Pull off or cut away large leaves from the cauliflower, saving them for soup or broth, if you like. Trim a slice from the core end, where it’s likely discolored. While holding the cauliflower at a comfortable angle, curved-side down, insert your knife tip into the core. As you push the knife in farther, gently rock the blade side to side and back and forth. In a few seconds, the cauliflower head should crack and naturally break into two halves (mine are always uneven).
Now, cut each half into four wedges, each no thicker than 3 inches on the uneven floret side. (Hold the cauliflower flat-side or curved-side down, whichever is more comfortable. Cut an additional wedge only if you must.) Using a dish towel, dry the wedges so they’ll absorb the seasoning well.
Season and roast: In a big bowl, stir together the hoisin sauce, sesame oil, agave syrup, ketchup, soy sauce, garlic, and five-spice powder. Add the cauliflower wedges and, using a big spoon or spatula, stir to coat well. Most of the seasonings should adhere. Spread the wedges out onto the prepared baking sheet, cut-side down. Drizzle or smear any remaining seasoning from the bowl onto the wedges.
Roast the cauliflower for 15 minutes, use tongs to turn over the wedges, and then roast for 10 minutes longer. Liquid will appear on the pan. Continue roasting for 10 to 15 minutes, during which the liquid will concentrate, bubble, and thicken. As that happens, use the tongs or a spatula to flip the cauliflower pieces about three times so they pick up the seasonings. When done, the cauliflower should look richly browned and be tender yet slightly chewy. A knife tip pierced into the thickest core areas usually meets a little resistance. The total roasting time is about 40 minutes.

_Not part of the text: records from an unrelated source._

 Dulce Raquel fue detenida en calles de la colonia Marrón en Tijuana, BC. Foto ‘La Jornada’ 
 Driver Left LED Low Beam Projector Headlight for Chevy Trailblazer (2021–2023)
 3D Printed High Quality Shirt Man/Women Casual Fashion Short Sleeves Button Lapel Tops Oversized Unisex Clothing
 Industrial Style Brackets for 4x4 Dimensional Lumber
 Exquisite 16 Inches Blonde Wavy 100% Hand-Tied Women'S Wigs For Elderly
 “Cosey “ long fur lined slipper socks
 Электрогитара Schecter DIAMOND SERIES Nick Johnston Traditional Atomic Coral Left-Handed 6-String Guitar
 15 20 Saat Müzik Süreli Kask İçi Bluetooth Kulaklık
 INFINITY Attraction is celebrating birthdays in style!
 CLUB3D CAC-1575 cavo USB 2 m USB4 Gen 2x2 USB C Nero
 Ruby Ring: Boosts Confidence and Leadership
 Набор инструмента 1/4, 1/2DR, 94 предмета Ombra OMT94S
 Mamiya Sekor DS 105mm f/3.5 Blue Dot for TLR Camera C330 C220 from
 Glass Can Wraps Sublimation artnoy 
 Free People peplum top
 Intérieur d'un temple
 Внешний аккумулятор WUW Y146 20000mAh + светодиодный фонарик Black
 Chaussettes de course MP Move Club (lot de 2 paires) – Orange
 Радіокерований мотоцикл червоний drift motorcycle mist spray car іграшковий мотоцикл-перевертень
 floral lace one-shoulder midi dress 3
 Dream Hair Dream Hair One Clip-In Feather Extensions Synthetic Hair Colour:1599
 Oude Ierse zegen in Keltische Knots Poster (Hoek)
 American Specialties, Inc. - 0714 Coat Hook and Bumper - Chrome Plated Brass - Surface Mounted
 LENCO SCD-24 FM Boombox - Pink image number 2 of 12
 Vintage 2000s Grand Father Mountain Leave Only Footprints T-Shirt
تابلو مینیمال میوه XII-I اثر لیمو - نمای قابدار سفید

To get a slightly deeper color and flavor, keep the baking sheet in its place and switch on the broiler for about 60 seconds, monitoring carefully to avoid burning. Remove the cauliflower from the oven and let it rest a few minutes to develop flavor before serving.
From “Ever-Green Vietnamese” by Andrea Nguyen
More Andrea Nguyen Recipes to Enjoy: Baked Char Siu Pork Buns
And: Shortcut Plain Steamed Buns From Biscuit Dough
And: Roast Chicken with Red Fermented Tofu
And: Spicy Tofu with Lamb and Sichuan Peppercorn
And: Pan-Roasted Tomatoes Stuffed with Pork
Another Plant-Based Char Siu Recipe to Make: Char Siu Yams by Steven Raichlen
Ooh this looks so good! Admittedly cauliflower isn’t one of my favorite veggies either, but anything would taste good in char siu sauce. I’ve been listening to Andrea’s podcast, Everything Cookbooks, and am looking forward to checking out her new cookbook.
Hi Joanna: Andrea’s podcast is so informative and such a great listen. I’m sure you’ll much enjoy her newest cookbook, too.